毎年、年度末の2月中旬から3月中旬までの期間になると、確定申告が行われます。これは、前年の1月1日から12月31日までの間に得られた所得の金額とそれに対する税金を計算し、納税するために行われるものです。人によっては、納め過ぎた税金の還付を受けることもできます。確定申告をする人は、必要書類をそろえて税務署に提出しなければなりません。確定申告をする必要があるのは、1年間に事業所得のあった自営業者やフリーランスなどが中心です。確定申告をせず必要な納税をしなかったときは、本来の税金に加え、加算税や延滞税も払わなければなりません。

会社員の場合は、源泉徴収といって毎月の給与から税金が天引きされています。そのため、基本的に確定申告をする必要はないです。転職などで年度の途中から勤め始め、年間所得に対して税金を納め過ぎてしまったときでも、確定申告を行わなくて構いません。なぜなら、会社が本人に代わって年末調整を行い、納めすぎた分を還付してくれるからです。

1-1.確定申告が必要な人

会社が源泉徴収や年末調整を行ってくれる会社員とは異なり、自営業者やフリーランスなどで事業所得がある人は、自分で所得の申告をして納税をする義務があります。そのため、毎年確定申告を行うことが必要です。マンションやアパートの経営をしているなど不動産収入がある人、配当所得があった人なども確定申告をする必要があります。
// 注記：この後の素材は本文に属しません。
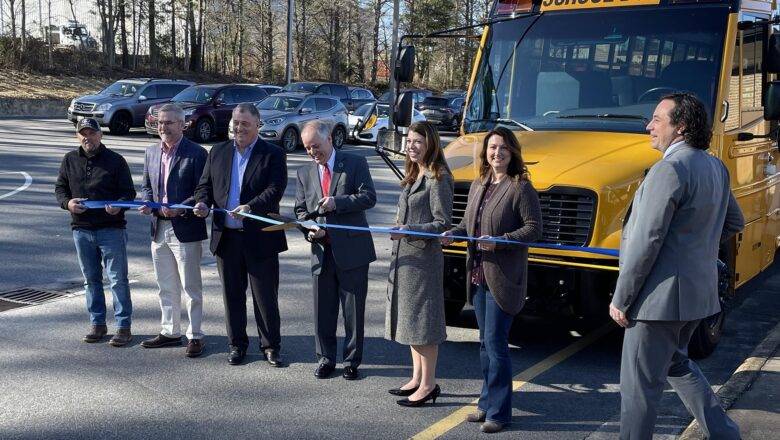 Randolph County School System First to Receive Electric Bus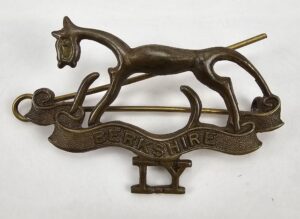 Berkshire Imperial Yeomanry Cap Badge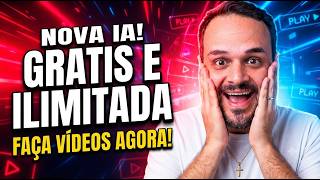 IA DA META GRÁTIS E ILIMITADA crie vídeos para Youtube e Tiktok e Instagram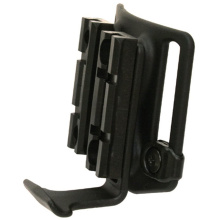 CQC Carbon Fiber Dual Rail Accessory Belt Loop Model Black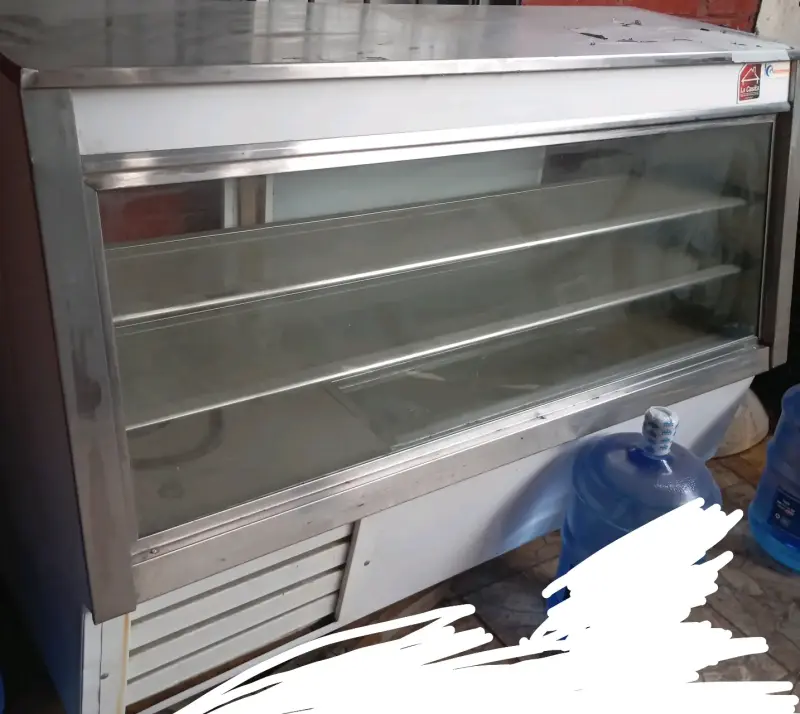 Vitrina refrigerada usada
一カ所から給与を得ている会社員は、基本的に確定申告をする必要はありません。しかし、年間の給与が2000万円以上であったり、2カ所以上から給与を受けていたり、副収入が年間20万円以上あったりするのであれば、確定申告が必要です。

たとえば、会社員がブログを運営したりフリーマーケットでハンドメイド品を売ったりして、収入から経費を引いた所得が20万円を超えるようであれば、確定申告をしなければいけません。

確定申告では、還付申告をすれば納め過ぎた税金が戻ってきます。たとえば、医療費控除です。これは、1年間に支払った医療費が10万円を超えた場合に受けられる控除です。また、住宅の購入やリフォームをして住宅ローンを組んだ場合も、確定申告をすれば住宅ローン控除が受けられます。住宅ローン控除は初年度から10年間にわたって一定額の控除が受けられますが、会社員であれば確定申告をする必要があるのは最初の1回のみです。2年目以降は、会社の年末調整で行ってもらえます。

ふるさと納税を行った人も、所得税の還付や住民税の控除を受けるためには確定申告が必要です。ただし、ふるさと納税をした自治体が5団体以下であれば、ふるさと納税ワンストップ特例制度を活用できるため、確定申告はしなくても構いません。ワンストップ特例制度に関しては、のちほど詳しく説明します。

1-2.確定申告に必要なもの

ふるさと納税の確定申告を行う場合に必要なものをみていきましょう。

まず、ふるさと納税をした自治体が発行する「寄附金受領証明書」です。

これは、ふるさと納税を申し込むと自治体から送付されてきますので、確定申告をするときまで保管しておきましょう。紛失したときは、自治体に連絡すれば再発行は可能です。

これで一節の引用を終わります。